N.B.: Este texto foi revisto e alterado para ser publicado na edição do dia 29 de Abril de 2011 no jornal Açoriano Oriental.
Estava eu a conversar com uma rapariga da Lituânia que tem uma paixão desmedida por Portugal e vai daí ela perguntou-me porque raio num país como este, bem fornecido de sol, de temperaturas amenas, de bonitas paisagens, de gente (mais ou menos) calma e sem fomes nem misérias de maior na sua generalidade, os portugueses estavam sempre a suspirar e a dizer “Ai, paciência!”.
Eu cá nunca me tinha dado conta que recomendávamos tanta paciência uns aos outros e, ademais, éramos tão plenos de suspiros! Mas é bem verdade. A mais comum das exclamações é mesmo capaz de ser esta, exceptuando outras que, embora não seja de bom tom eu escrever no jornal são, paradoxalmente, as mais ouvidas na rua e das primeiras que qualquer estrangeiro aprende se quiser sobreviver em 70% dos ambientes de trabalho lusos.
Atacando o assunto: porque precisa o português de tanta paciência, sincopadamente suspirada? Eu também não sei!
Confesso, porém, que este hábito já vem de trás... Já a minha bisavó era amiga deste dito. Daqui concluo que o tão apregoado pessimismo português (repare-se que muito pessoal até diz “festa de fim de ano” e nunca “festa de princípio de ano” semanticamente tomando uns copitos pelo ano que passou e não pelo que há-de vir!) nem é bem pessimismo – é uma espécie de amortização da queda. Afinal, o português até quem consciência que vive no “melhor dos mundos possíveis”, como apregoava Leibniz. Simplesmente, de vez em quando lá aparece uma pedrinha no caminho – nada que um espírito navegante e conquistador como o nosso não resolva com meia dúzia de suspiros e caldos de paciência.
Outra coisa que muito gostamos de fazer é chamar por Deus. Mas na base da confiança! Raros povos alcançaram um tu-cá-tu-lá com o divino como nós. Enquanto que, por exemplo, os espanhóis têm tanto respeitinho a Deus que, só de pensarem nele intensamente, há centenas de espanhóis que sofrem de stigmatae (vulgo, estigmas, aquelas feridas sanguinolentas e absolutamente inexplicáveis), os portugueses são tratados por Deus na pura, que é como quem diz, na maior descontracção. Os irlandeses, coitados, passam agruras do demo por quererem praticar a sua religião. Os portugueses estão sempre na boa e contam-se pelos dedos os fiéis. Há pessoal nas Filipinas que se esfola todo para demonstrar a Deus que sofre por Ele, tal como Ele. O português não está nem aí para demonstrações de nenhuma espécie. O português acha que se alguém tem de demonstrar alguma coisa é Deus, não é ele. Mas, verdade seja dita, não se chateia se a demonstração levar anos ou mesmo não acontecer porque temos tempo... e sol e temperaturas amenas (vide primeiro parágrafo). Em suma: somos um convite à lazeira.

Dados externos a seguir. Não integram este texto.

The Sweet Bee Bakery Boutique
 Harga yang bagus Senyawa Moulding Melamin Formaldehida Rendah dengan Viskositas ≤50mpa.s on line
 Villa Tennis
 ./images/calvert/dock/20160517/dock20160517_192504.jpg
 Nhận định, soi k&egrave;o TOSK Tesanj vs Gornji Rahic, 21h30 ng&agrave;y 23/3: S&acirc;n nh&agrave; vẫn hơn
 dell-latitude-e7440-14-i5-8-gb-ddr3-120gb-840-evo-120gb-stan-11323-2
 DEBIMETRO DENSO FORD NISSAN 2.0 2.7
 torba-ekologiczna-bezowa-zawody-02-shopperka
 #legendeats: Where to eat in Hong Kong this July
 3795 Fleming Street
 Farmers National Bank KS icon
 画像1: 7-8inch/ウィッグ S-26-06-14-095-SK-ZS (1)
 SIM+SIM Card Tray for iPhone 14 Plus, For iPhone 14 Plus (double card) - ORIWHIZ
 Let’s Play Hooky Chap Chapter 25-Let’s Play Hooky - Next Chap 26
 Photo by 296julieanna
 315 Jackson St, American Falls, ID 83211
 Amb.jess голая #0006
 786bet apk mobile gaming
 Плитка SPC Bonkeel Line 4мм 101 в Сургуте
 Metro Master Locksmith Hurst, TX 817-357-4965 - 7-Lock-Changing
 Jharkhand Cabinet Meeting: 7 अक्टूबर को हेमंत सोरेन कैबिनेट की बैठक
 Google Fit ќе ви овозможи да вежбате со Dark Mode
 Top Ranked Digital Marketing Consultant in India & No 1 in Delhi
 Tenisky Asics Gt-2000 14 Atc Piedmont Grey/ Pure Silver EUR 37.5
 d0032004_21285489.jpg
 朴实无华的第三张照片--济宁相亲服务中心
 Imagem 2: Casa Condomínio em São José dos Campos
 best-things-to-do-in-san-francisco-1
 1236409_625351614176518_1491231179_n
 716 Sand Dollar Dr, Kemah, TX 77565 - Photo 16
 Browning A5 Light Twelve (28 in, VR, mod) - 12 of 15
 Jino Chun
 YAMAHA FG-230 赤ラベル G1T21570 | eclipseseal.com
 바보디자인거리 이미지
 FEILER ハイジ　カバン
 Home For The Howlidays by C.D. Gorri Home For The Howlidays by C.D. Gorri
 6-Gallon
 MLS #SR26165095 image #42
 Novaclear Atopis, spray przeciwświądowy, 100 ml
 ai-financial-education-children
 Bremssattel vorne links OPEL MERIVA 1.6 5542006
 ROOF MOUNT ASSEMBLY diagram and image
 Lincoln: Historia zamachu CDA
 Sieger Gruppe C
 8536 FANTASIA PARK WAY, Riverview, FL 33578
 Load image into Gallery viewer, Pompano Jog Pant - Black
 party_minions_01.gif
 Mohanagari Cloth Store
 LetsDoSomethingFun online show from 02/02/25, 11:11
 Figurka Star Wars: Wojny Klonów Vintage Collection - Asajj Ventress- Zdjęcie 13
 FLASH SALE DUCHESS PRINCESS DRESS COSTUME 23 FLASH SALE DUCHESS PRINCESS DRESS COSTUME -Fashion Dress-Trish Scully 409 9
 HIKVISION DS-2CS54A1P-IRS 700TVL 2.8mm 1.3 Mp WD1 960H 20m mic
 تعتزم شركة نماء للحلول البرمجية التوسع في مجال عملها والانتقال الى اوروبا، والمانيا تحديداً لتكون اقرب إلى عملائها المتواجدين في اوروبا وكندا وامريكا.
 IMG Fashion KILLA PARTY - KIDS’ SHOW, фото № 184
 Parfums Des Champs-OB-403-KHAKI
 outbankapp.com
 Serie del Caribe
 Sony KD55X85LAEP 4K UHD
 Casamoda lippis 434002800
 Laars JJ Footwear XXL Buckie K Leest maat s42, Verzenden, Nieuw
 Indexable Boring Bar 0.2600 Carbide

Assim, apesar de não darem troco nenhum a Deus, não é raro ouvir os portugueses chamar pela mãezinha d’Ele: “Oh Virgem Maria!”, ou outros de Sua proximidade “Ai santa Bárbara! Que escuridão”, etc, revelando uma clara familiaridade com as entidades celestiais. Eis a minha exclamação favorita: “Oh Jesus Cristo! Anda cá abaixo ver isto!” que, não só rima, como é uma espécie de invocação imperativa que sujeita o pobre Jesus a ser humano e a passar por aquelas desgraceiras todas outra vez.
Mesmo os ateus e os não-católicos (como eu) se saem às vezes com frases destas. Aqui, não é preciso uma epifania para entender o porquê: é que ninguém tem bem a certeza (excepção honrosa feita ao meu irmão) de haver ou não Reinos que não sejam deste Mundo – perdão, João de Melo. Assim, o português arranjou um truque fixe que é o de tratar Deus como um amigalhaço, na onda cool e tal, porque, assim, se Ele não existir não fez figura de parvo a dedicar-se-Lhe e se Ele existir, o tuga já fez o seu papel. Tudo salvaguardado.
Os próprios ateus (com raríssimas excepções) costumam dizer que “não acreditam em Deus mas numa entidade superior que nos criou” o que é a mesma coisa que um oriental dizer que não acredita no Buda mas admite a existência de um manda-chuva gordo e careca, sentado à chinês...
Senhores, resolvam-se. No sítio. Senão, é preciso vir Jesus cá abaixo ver isto. Até que se resolvam, a gente vai ter muita, muita paciência... (suspiro!).